それはデルタ航空での名古屋からポートランドまでのフライト。
搭乗した際、既に機内では映画が始まっていた。「いつもは離陸した後に始まるのに・・・?」その映画は、結婚式での新郎新婦の生い立ちを映し出している様にある人の人生を映し出していた。暫くして機内放送によりその意味がわかった。
この映画の主人公は、なんとこの機の機長であり、今回のフライトが機長のラストフライトだという。そしてお孫さん始め家族が搭乗しているとアナウンスがあった。勿論この様なラストフライトに遭遇したのは初めての経験であり、いつもとは全く違う感情の高ぶりがあった。
水平飛行になると、可愛い機長のお孫さんが乗客全員に「おじいさんのラストフライトに搭乗してくれてありがとう」キャンディを配ってくれた。正直いってこれにはやられた。

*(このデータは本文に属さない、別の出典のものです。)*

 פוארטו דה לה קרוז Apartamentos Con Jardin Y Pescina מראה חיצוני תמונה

そして、いよいよポートランド国際空港への着陸態勢に入る。多分、私同様乗客全員が機長の思いを共有していたであろう。人生最後の着陸。操縦桿を握る機長の緊張感がストレートに私にも伝わって来る。乗客全員が息を呑んだ。
その着陸のその瞬間、私が今までに経験した百数十回のフライト体験のなかで最高の着陸であり、いつ車輪が滑走路に着いたかが分からなかった程の神業的な着陸だった。全車輪が滑走路に着くと乗客全員から割れんばかりの拍手が巻き起こり、感動して涙する人さえも居た。

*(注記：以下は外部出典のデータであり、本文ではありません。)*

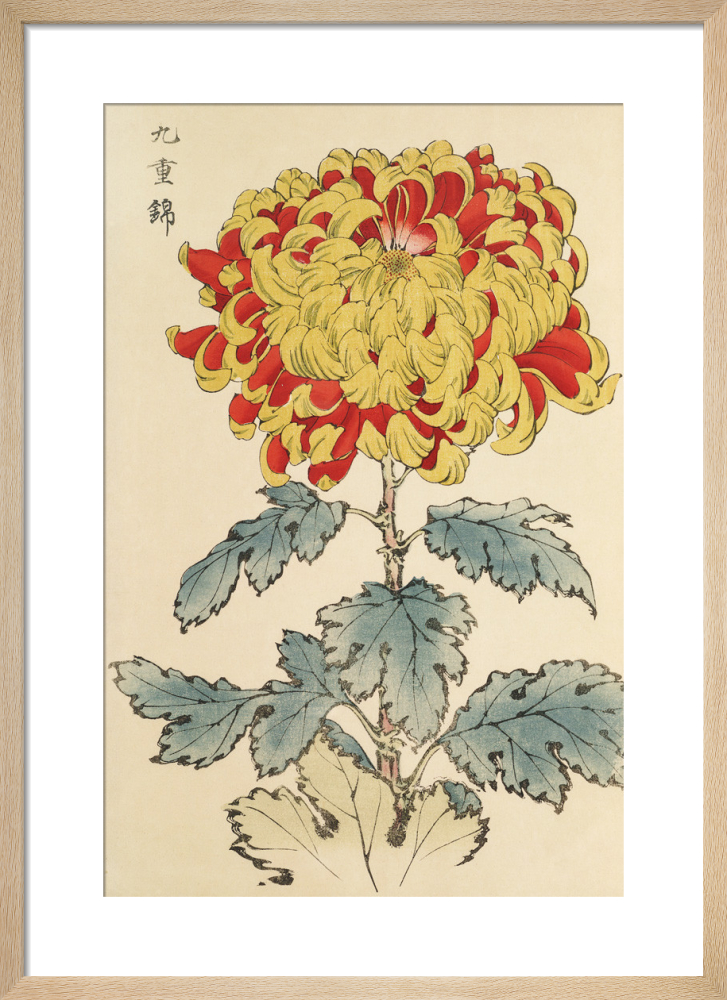 Chrysanthemum Art Print by Keikwa Hasegawa King & McGaw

搭乗ブリッジが機体に寄せられドアが開く。搭乗口には機長を始め家族が一列に並んで乗客にお礼を伝えていた。私が「best landing!! I am very exciting」と伝えると、機長は満面の笑顔になった。この様な実に貴重且つ感動する経験ができたことに感謝している。
帰国後、新幹線に乗車すると時折思うことがある。これだけ新幹線が走っていれば、今日この列車の運転士ももしかしたら退職の日かもしれないと。感動を得ることが極端に少なくなった今、ひとは日々の暮らしのなかで感動体験を待っているに違いない。
もし、新幹線のアナウンスで、「本日の運転手○○はこの列車を最後に退職致します」なんてアナウンスがあったら・・・乗客がひとつになり、多くに感動を与えてあげられると思う。